I beamed and Holmes then added. "Unfortunately, you failed to notice that while the jacket does carry a heraldic device on it, the size and position of it is not one of a family member, but of a retainer. The young man is recently retained by the family, is here without their knowledge, and in fact comes from a quite humble background."
"How can you know all that?" I inquired, as I am continually astounded at my friend's abilities of deduction.

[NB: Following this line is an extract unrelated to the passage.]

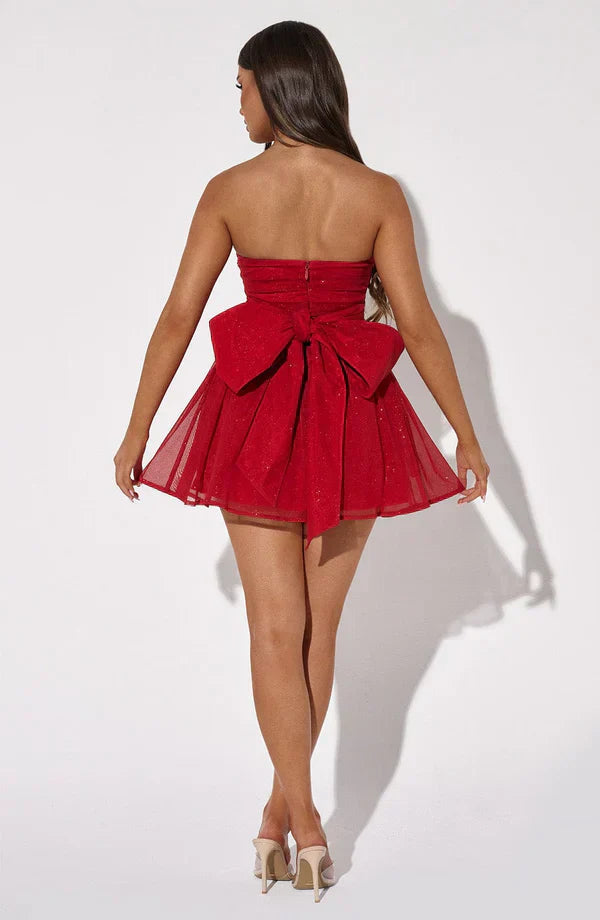 Harriet - Elegant Sparkling Style with Ribbon Accents Woman's Mini Dress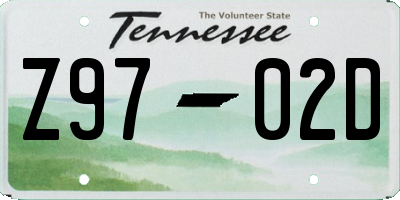 TN license plate Z9702D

"Because it is the beginning of December, and yet he is still wearing a light-weight summer jacket. He would have worn something more over it if he had anything more, but has not been with the family long enough to be given a heavier-weight winter jacket and does not own one for himself; thus both his recent retention and his humble background. As for coming without their knowledge, no family would send a retainer recently hired to bring me to them; they would instead choose a long-time and long-trusted person."
"That explains everything except how you knew we would be summoned to Brighton." I said.
"Because he is a member of the household of Lord Venable, as you can see from the heraldic device." Sherlock said. "As for knowing that the Lord is now in Brighton," he tapped the newspaper, "you can see that my reading of the society column does have relevance to my chosen profession. I read just this morning that the Lord had taken a house in Brighton for the winter."
"Holmes, you never cease to amaze me." I marveled.
And the knock came at the door, the young man was about to be shown into our rooms.
The man who entered glanced about with the air of a man being hunted in the jungles by savages. His eyes saw us without comprehension. Holmes was quickly on his feet, and showed the youth to a chair when he entered, "Here, rest yourself." he said kindly. "Watson, do bring this man a cup of tea and a crumpet. He has not eaten all day."
"I...I thank you." the man said and took the tea and food from me. When he had consumed it, he had not only restored his body, but restored his composure. He began. "I have come here on behalf of Lord Venable, to seek your advice about a singular occurrence that has taken place in our house at Brighton."
Holmes considered the man and said, "Since Lord Venable did not send you, pray do not use his name in this."
"You are right!" the man exclaimed, "I am here on my own behalf, or rather, that of my best friend. But you are the only one I could think of that may make sense of it all! "
"Then tell us what you will." Holmes said. "I can see that you have kept the cab waiting for us, otherwise, the cabman wouldn't have tied his horse to the post and slipped into the pub at the corner for a drink."
"My name is Quentin Mawther." our young visitor began. "I was retained this last summer to work for Lord Venable. I met Mark Douglass there. He was hired to work in the stables and I was to work as one of the household valets. The duties weren't overly onerous, but they kept us all about the grounds all the time. It was only natural to seek out friendships, then, among the other servants."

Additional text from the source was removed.